Results/Lessons Learned
The present work provides a systematic guideline for the preliminary selection of surfactants for flushing/washing operation, the optimal operative conditions, and the technical approach for PAHs extraction from the sediment, especially in the context of a real aged contamination scenario. Experimental results showed that all investigated surfactants contributed to enhance the mass transfer of pollutants in the aqueous phase, with respect to the water. The process conditions study highlighted a great improvement in PAHs removal from the sediment with multiple washes test, especially for the heavy PAHs fraction (more than 3 aromatic rings). In this case, almost quadrupled PAHs removal efficiency was observed after the third wash of the same sediment sample. Also, the increase in surfactant concentration, led to an important increase in PAHs removal from the sediment, reaching almost 30% of efficiency using a 5% wt of surfactant concentration. Finally, column test showed a great efficiency of these surfactants in PAHs mobilization in continuous flushing of the contaminated matrix. Surfactants’ performances resulted 40 times greater than water mobilization ability.

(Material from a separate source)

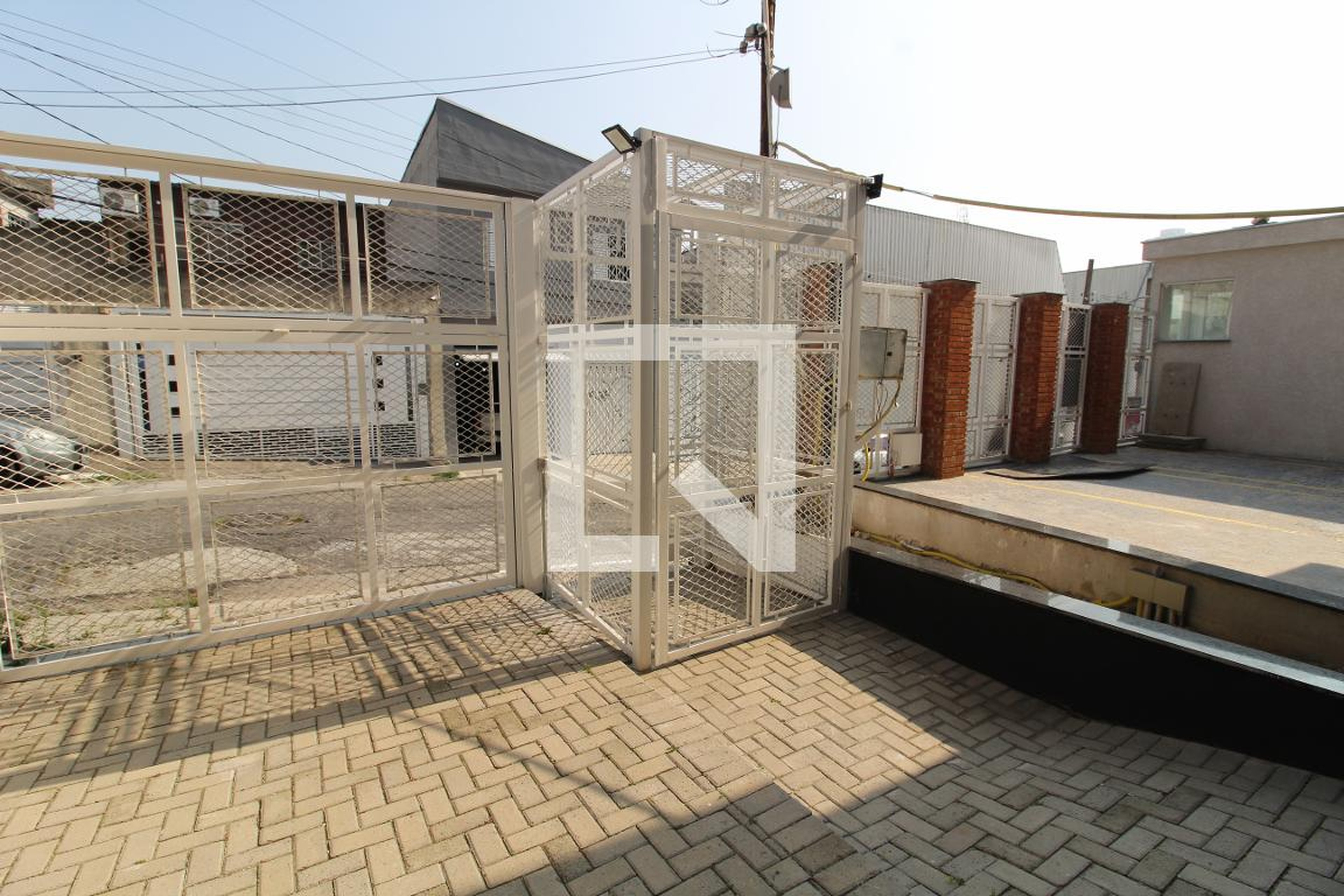 Entrada - Edifício California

Moreover, it will be shown almost the totality of the mobilization in the flushing process with the selected surfactants occurred in just two pore volumes of the feeding flushing solution. These data clearly underline and emphasize the incredible potential of surfactants in the treatment of matrices impacted by hydrophobic organic contaminants even in situations of historical contamination and particularly aged sources.